Perhaps it wouldn't have made much of a difference tonight, and maybe I'm more than a little tainted by bitterness, but kudos to Joe Torre for playing Doug Mientkiewicz and leaving Jason Giambi on the bench. Hindsight, as they say is 20-20, but going with a guy for his defense and leaving an infinitely better hitter on the bench is so National League. In fact, it smacks of Dusty Baker in his prime, and what a prime it was.

And then when it came time to pinch hit for Mientkiewicz, Torre threw Shelly Duncan out there instead of Giambi. I realize that Duncan is a right handed batter, and maybe Giambi didn't have terrific numbers against Sabathia. But wouldn't you feel better with a guy who has won an MVP award, even one tainted by allegations of steroids, over a guy whose greatest claim to fame is being the son of the Cardinals pitching coach.

The trouble with conventional wisdom is that it's conventional. So what if every body knows something? 95% of people are total nitwits. Derek Jeter came into the game batting .500 lifetime off Sabathia and sporting a very good postseason average in general, but he didn't exactly rip it up in this game. Hell, CC Sabathia walked six guys tonight (one was intentional) and none of them scored.

And if ever there were an omen that a given night would not be a given player's night, it had to come tonight. Mientkiewicz almost ended up a scratch from the lineup before the game even started when he tripped over a cameraman from a New York TV station getting off the team bus. Who in their right mind thought that things would break his way after that? What more did he have to do, walk under a ladder, cross paths with a black cat? For a profession that is notoriously rife with superstitious dudes, there is no way he should have seen the field after that.

Torre played the percentages right into a 0-1 hole in this series. Now things are looking good for Red Sox fans, which is always bad for America. This postseason is starting to remind me of the Beatles song Uncle Albert. I don't hear it very often, since I don't like the Beatles and I don't listen to the radio very much. But when I hear it, it confuses and vexes me.

Every time I hear the start of that song, I start thinking to myself that maybe I'm wrong about the Beatles, that they might not be as bad as I had thought previously. Then the second part of the song with the aggravating uptempo music and the random nonsense about Admiral Halsey kicks in, and I find myself hating the song and the band more than ever.

I've come a long way around to say this, but if the Yankees lose, the only other team I'd like to see win this World Series is the Chicago Cubs.

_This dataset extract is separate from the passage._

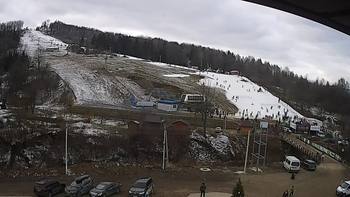 Буковиця 10 січня 2021 року, 2021-01-10 13:00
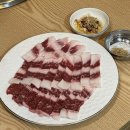 조선한우 이미지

So I find myself stuck rooting for teams that I can't stand simply because they stand in the way of the team I really hate. If neither the Yankees nor the Cubs advance, I am in a lose-LOSE situation. Either the Indians win, and I'm bummed, or the Red Sox win and their fans are happy, which is a nightmare scenario I'd rather not envision right now.

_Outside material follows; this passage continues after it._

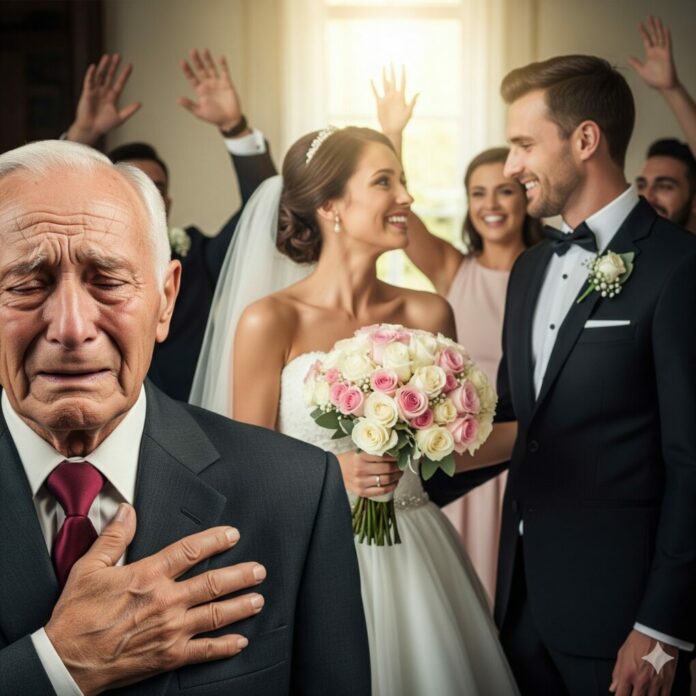 Gemini_Generated_Image_kzw27mkzw27mkzw2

By the way, thanks to the Major League Baseball playoff promos, I have had to reevaluate my opinion of Dane Cook. At first, I never cared about him even though Bill Simmons whined about him, which is generally a sign a guy isn't a total douche. But now, I've seen way too many of those stupid "There's Only One October" ads and I hope he gets some wasting disease.

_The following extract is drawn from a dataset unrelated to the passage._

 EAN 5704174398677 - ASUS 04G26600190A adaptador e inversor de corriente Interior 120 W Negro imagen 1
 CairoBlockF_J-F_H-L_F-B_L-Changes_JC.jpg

And kudos to the genius at TBS who went into a meeting and said: "I know what let's do. Let's put Tony Gwynn in a booth with Bob Brenley and Chip Carey and we'll have them broadcast the New York Yankees series." This guy should get a Peabody Award, or at the very least the Nobel Peace Prize. Those three worked together like vodka and anti-freeze.

Tony Gwynn is a nice guy, and he brings a lot to the table. Bob Brenley just might be brain-dead. I'm just glad he left his comments on the stadium wind situation behind on Cubs telecasts. But Chip Carey has to stand second only to Joe Buck in shaming a famous grandfather who is also a broadcasting legend. The shameful indecency with which he celebrated every single development in favor of the Indians this evening was sickening.

I found myself forced to switch over to the end of Twelve Angry Men on Turner Classic Movies before I was pressed into service in the Ryan Garko Hall of Fame movement. Yeah, he hit two home runs tonight, but I've missed a great deal if Ryan Garko is considered a big bat in a lineup. Speaking of Twelve Angry Men, if there aren't twelve angry men in the Yankee clubhouse (and with morons like Damon and Mientkiewicz, there might not be) then there ought to be.

And while I'm on the subject of TBS: how is FrankTV going to change the face of late night TV? Is it going to be the worst show ever? I know he has a good impression for John Madden and for the President. His Nicholson is passable, but his Pacino is terrible. And those are the four featured in the commercials that have run somewhere in the neighborhood of a quadrillion times now. He better be holding a hell of a lot of A material in the vault, or the American people have to be an order of magnitude dumber than I think they are for this show to succeed.

1 comment:

Anonymous said...

I think the reason you're confused and vexed about the '07 playoffs is because your entire line of reasoning is based upon a false assumption. "Uncle Albert" is not a Beatles Song. It's a Paul McCartney song on his "Ram" album.